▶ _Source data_
______________________________
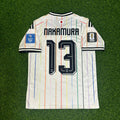 Keito Nakamura Japan World Cup 2026 Away White Football Jersey – Back View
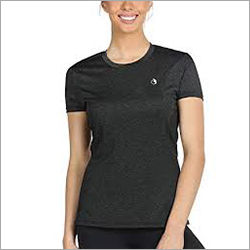 Gray And Also Available In Multicolor Ladies Round Neck T-Shirt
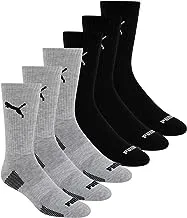 PUMA mens 6 Pack Crew Socks running socks (pack of 6)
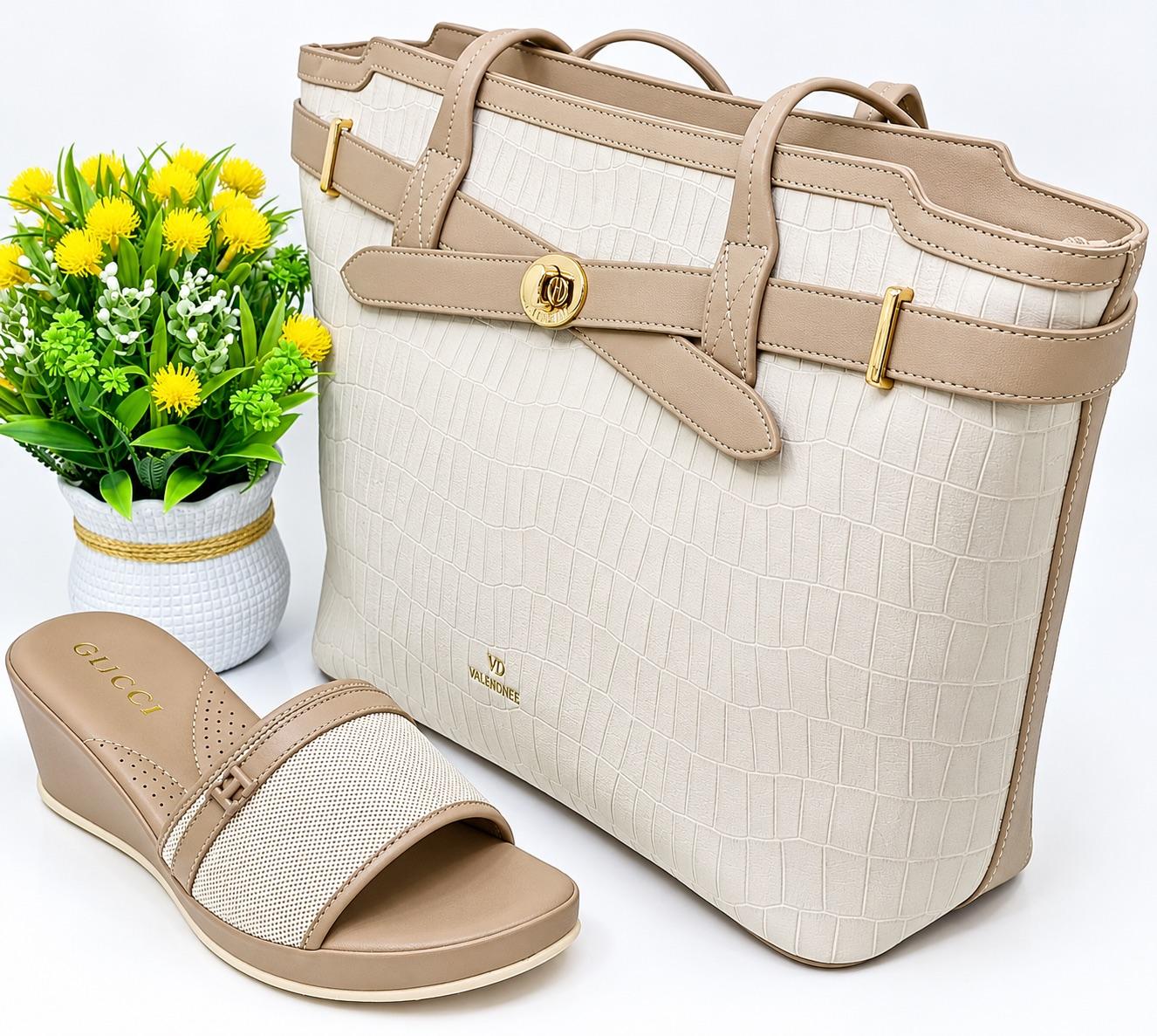 Ensemble Sac & Sandales Femme – Élégance & Raffinement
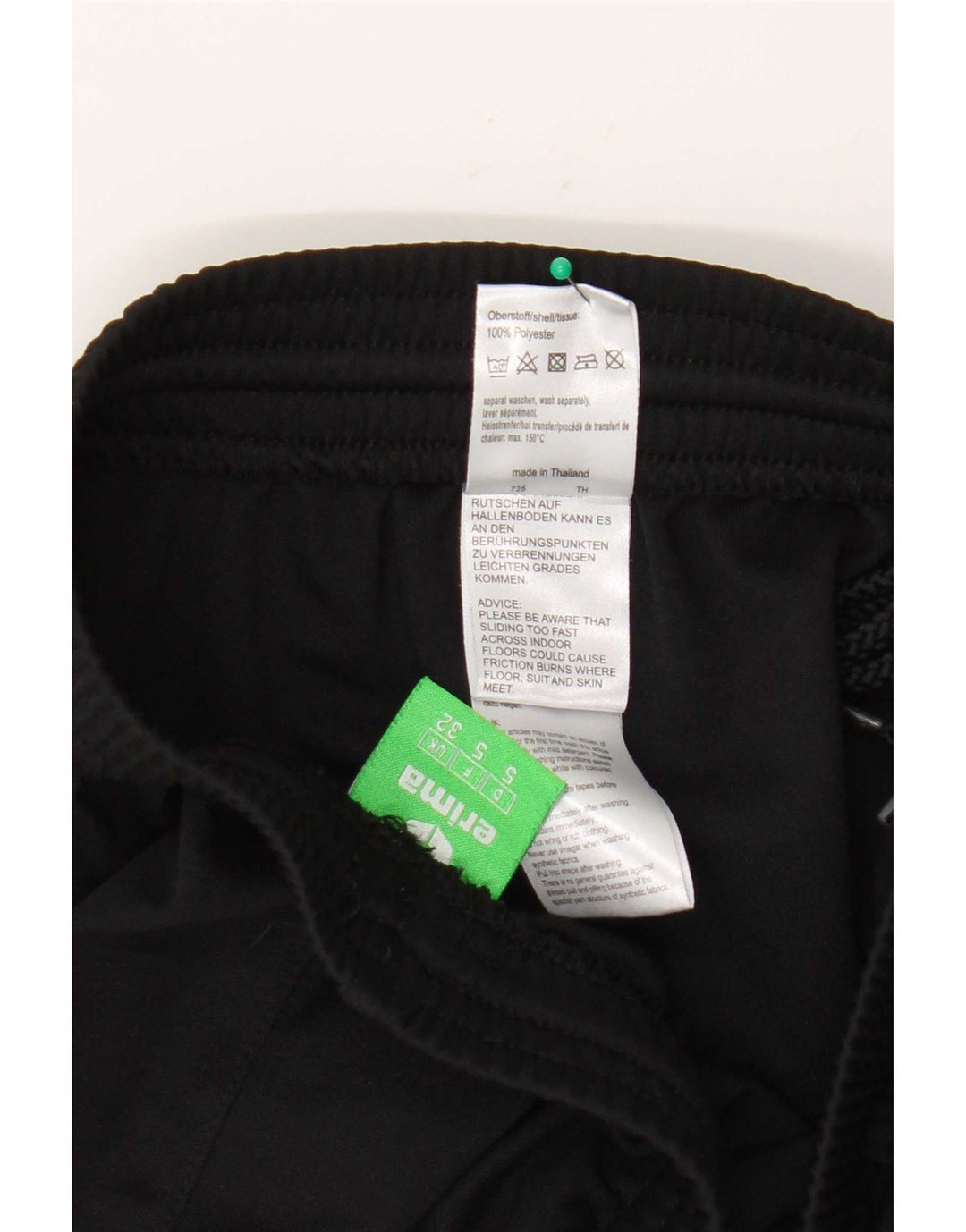 Pantalones cortos deportivos Erima para hombre Poliéster negro mediano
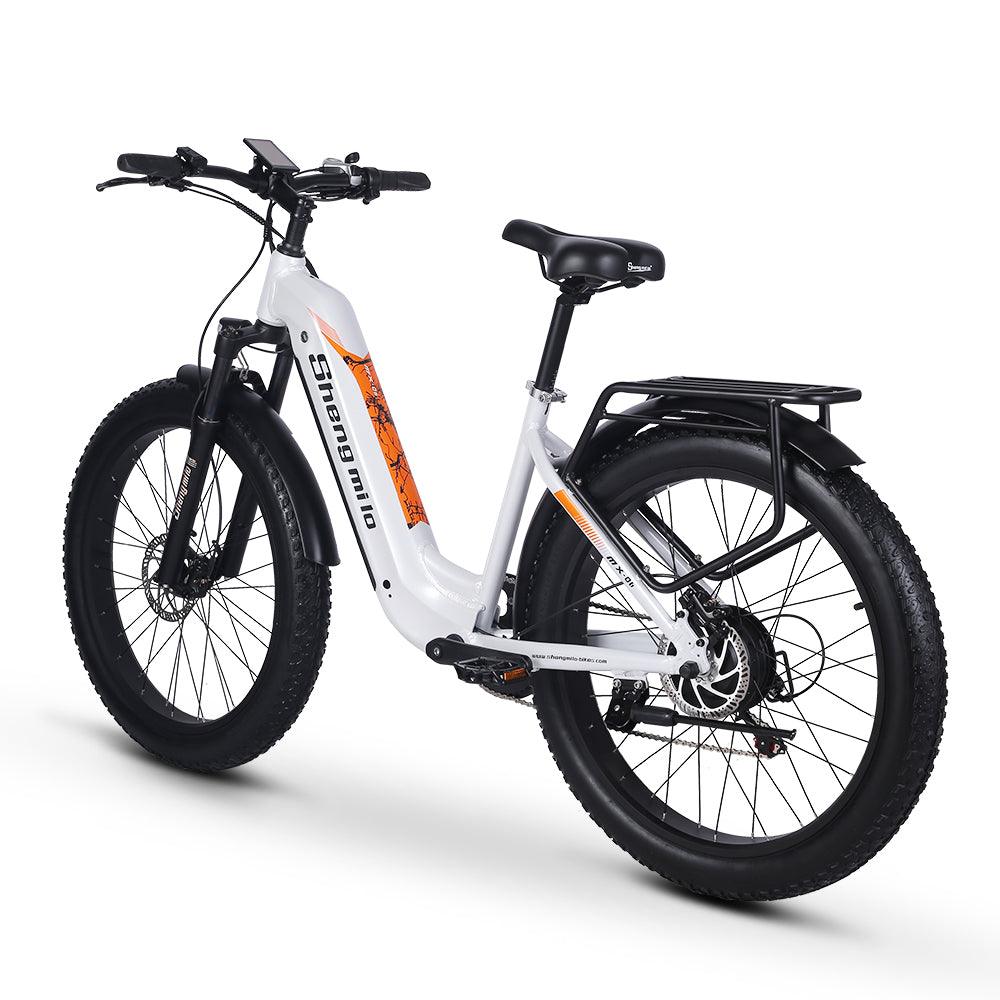 Shengmilo MX06 Electric Moutain Bike with 500W BAFANG Motor and 48V17.5AH Battery,Shimano 7 Speed - GUNAI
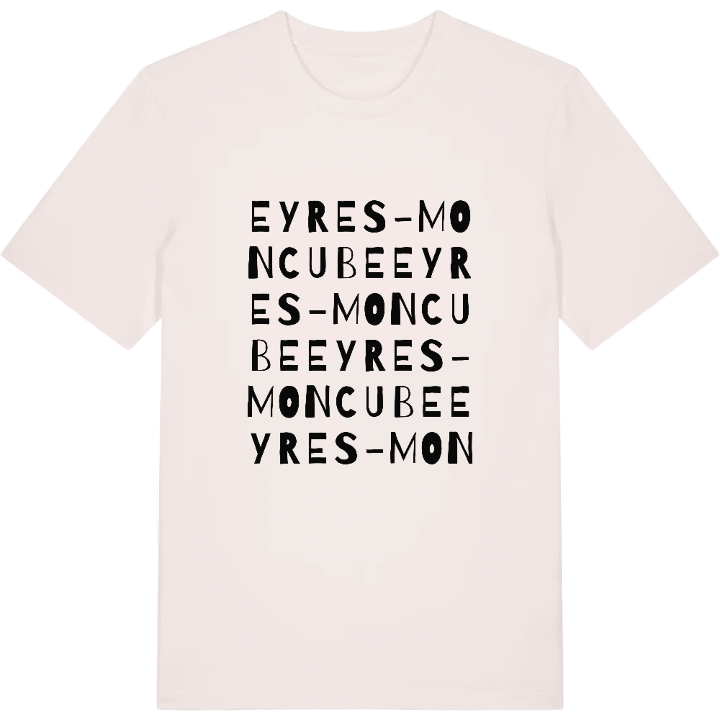 Eyres-Moncube ordleg T-shirt – t-shirt fra PinShirt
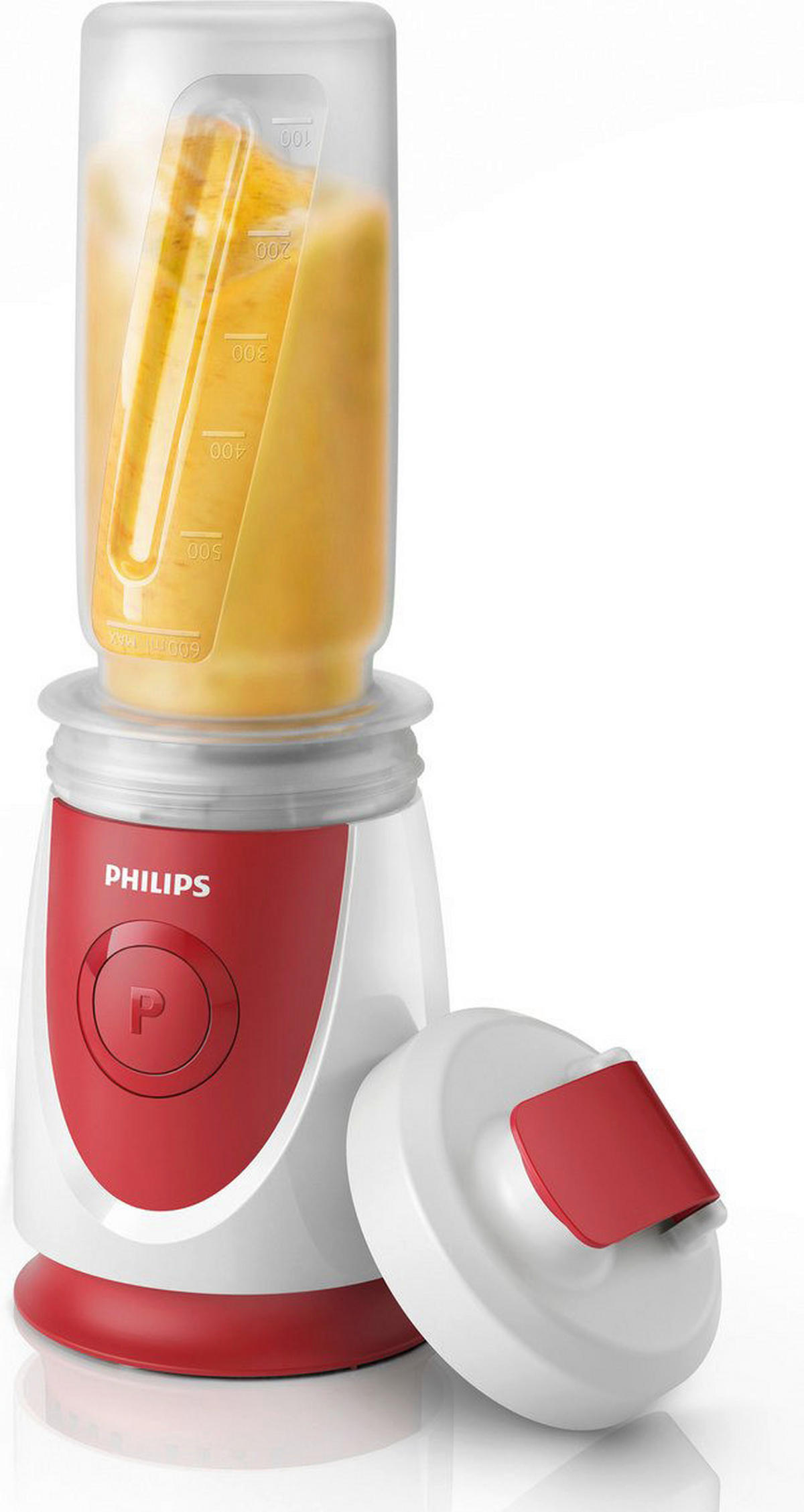 Blender rot Edelstahl B/H/L: ca. 13x23x24 cm Mini-Blender_Philips 1l - rot (24,00/13,00/23,00cm)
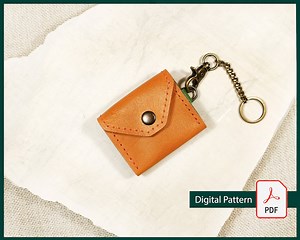 Leather Coin Pouch Sewing Pattern: DIY Snap Wallet (digital PDF) - Etsy Australia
______________________________
Output exactly the lines from the first line of the records through the line containing "Eyres-Moncube ordleg T-shirt". Leave out every picture.

▶ _Expected answer_
 Keito Nakamura Japan World Cup 2026 Away White Football Jersey – Back View
 Gray And Also Available In Multicolor Ladies Round Neck T-Shirt
 PUMA mens 6 Pack Crew Socks running socks (pack of 6)
 Ensemble Sac & Sandales Femme – Élégance & Raffinement
 Pantalones cortos deportivos Erima para hombre Poliéster negro mediano
 Shengmilo MX06 Electric Moutain Bike with 500W BAFANG Motor and 48V17.5AH Battery,Shimano 7 Speed - GUNAI
 Eyres-Moncube ordleg T-shirt – t-shirt fra PinShirt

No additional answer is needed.